Benefits of Terracotta Roof Tiles

Terracotta clay roof tiles are attractive, impermeable and durable. Terracotta is a natural material, made from clay that is fired at a high temperature until it vitrifies or fuses. Vitrification creates a hard, waterproof surface that withstands rain, snow, cycles of freezing and thawing and wears well in coastal areas with salt air. They are fireproof, last up to 100 years or more and are almost maintenance-free. Because they are made from clay, terracotta tiles are easy to recycle and do not harm the environment.

Clay roof tiles are traditionally red, which is a moderately reflective color. Light-colored roofs, also called cool roofs, have higher reflectance and emissivity than dark-colored roofs. More than 90 percent of the roofs in the United States are of dark-colored materials which are low-reflectance and can reach temperatures of 150 to 190 degrees F. Cool roofs stay cooler, sometimes as much as 70 degrees cooler than a dark-colored roof, resulting in lower energy costs and more comfortable building interiors.

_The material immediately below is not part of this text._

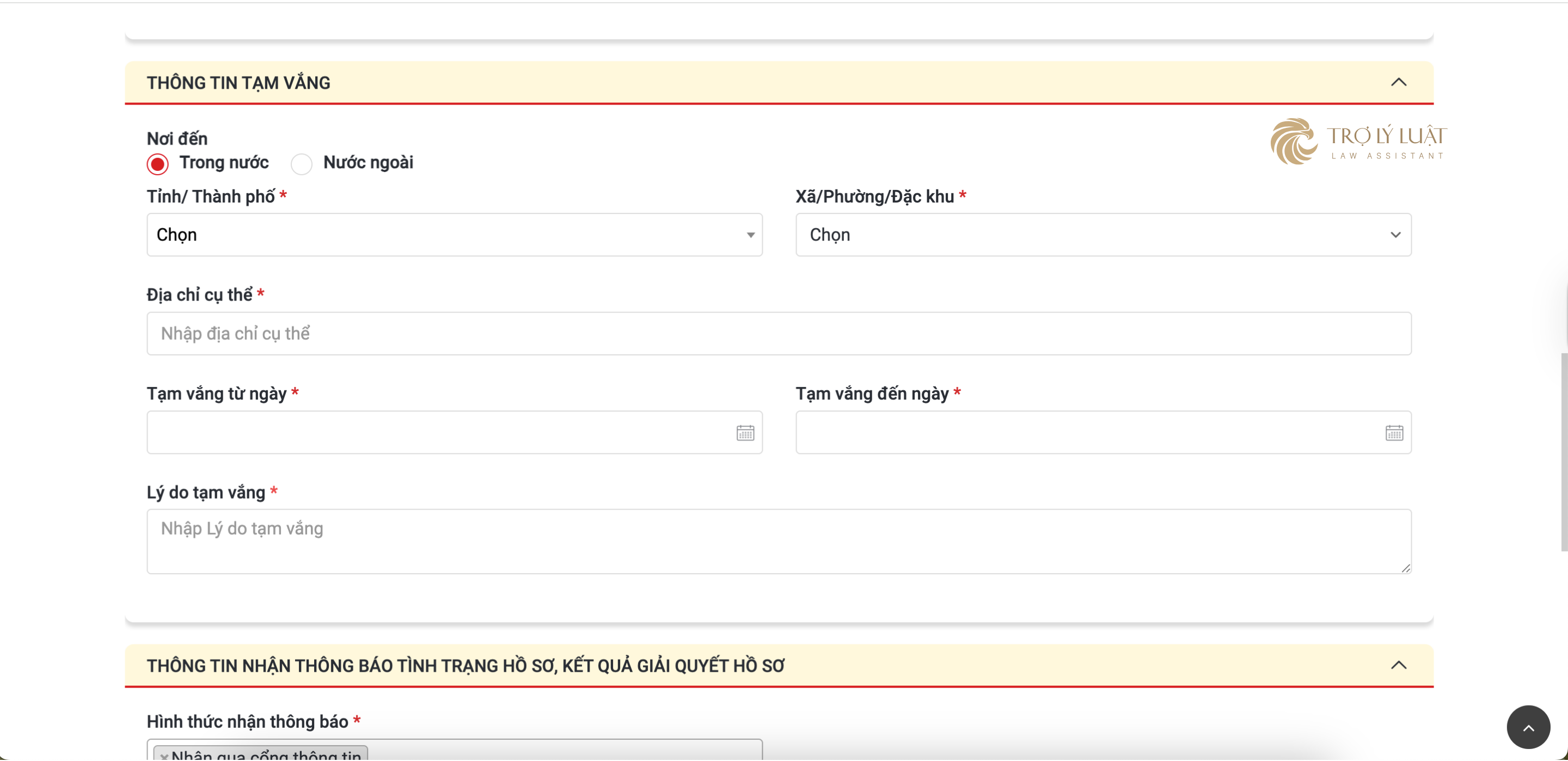 Hướng dẫn thủ tục khai báo tạm vắng online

With the interest in saving energy and using more environmentally sustainable building techniques, manufacturers have developed fired clay tiles that achieve higher reflectivity and emissivity indices. These tiles, available in many colors including the traditional red-orange terracotta, achieve cool roof values. Several manufacturers produce clay tiles that meet Energy Star specifications.

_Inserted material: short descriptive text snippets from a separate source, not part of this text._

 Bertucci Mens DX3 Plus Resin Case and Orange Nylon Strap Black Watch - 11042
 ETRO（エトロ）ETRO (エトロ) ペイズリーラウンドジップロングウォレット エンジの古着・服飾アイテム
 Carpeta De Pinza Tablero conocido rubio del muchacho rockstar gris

Clay tiles are made in three grades according to American Society for Testing and Materials (ASTM) specifications. Grade 1 tiles withstand severe freeze-thaw conditions and are not porous. They can be used anywhere in the United States. Grade 2 tiles withstand moderate freeze-thaw cycles and are less water-resistant. Grade 3 tiles are more permeable and may flake in freeze-thaw cycles. Grade 3 tiles are recommended for areas with mild climates like Florida and southern California.

ASTM sets values for transverse breaking strength for tiles of different profiles or curvatures. These values correlate with the ability of a tile to withstand stresses including severe weather, hail and handling and installation.

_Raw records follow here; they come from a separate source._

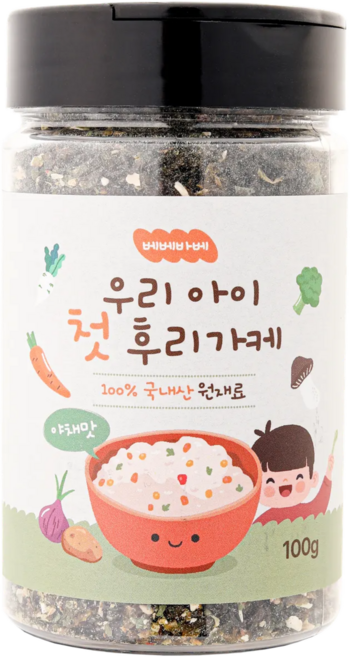 순수 국내산 베베바베 우리 아이 첫 후리가케 야채맛 - 무염 아기 이유식 유아식 추천, 1개, 100g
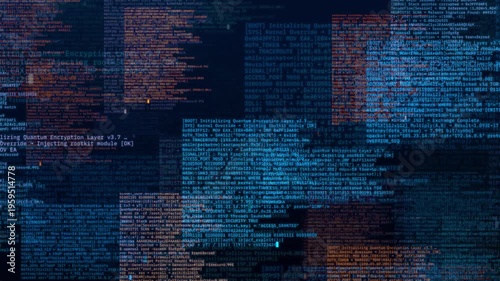 Abstract Programming Code Interface with Scrolling Terminal Data – Cybersecurity and Encryption Seamless Loop Background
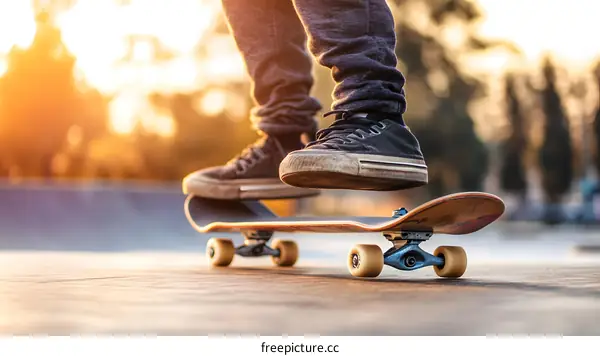 Skateboarding at Sunset, Close Up of Legs and Skateboard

Some manufacturers apply glaze to tiles which adds color and additional surface protection. Glazed tiles are often untreated on the underside which reduces weight, expense in manufacture and allows the tile to breathe and expel moisture from the untreated surface. Many manufacturers provide guarantees against color fading for a specified number of years.

Terracotta tiles are available in several shapes that give a unique look to the roof architecture. There are several interlocking systems that ensure that the tiles protect the roof and remain in place. Each system has a required amount of overlap that connects tiles on either side, above and below to prevent moisture from seeping between the tiles.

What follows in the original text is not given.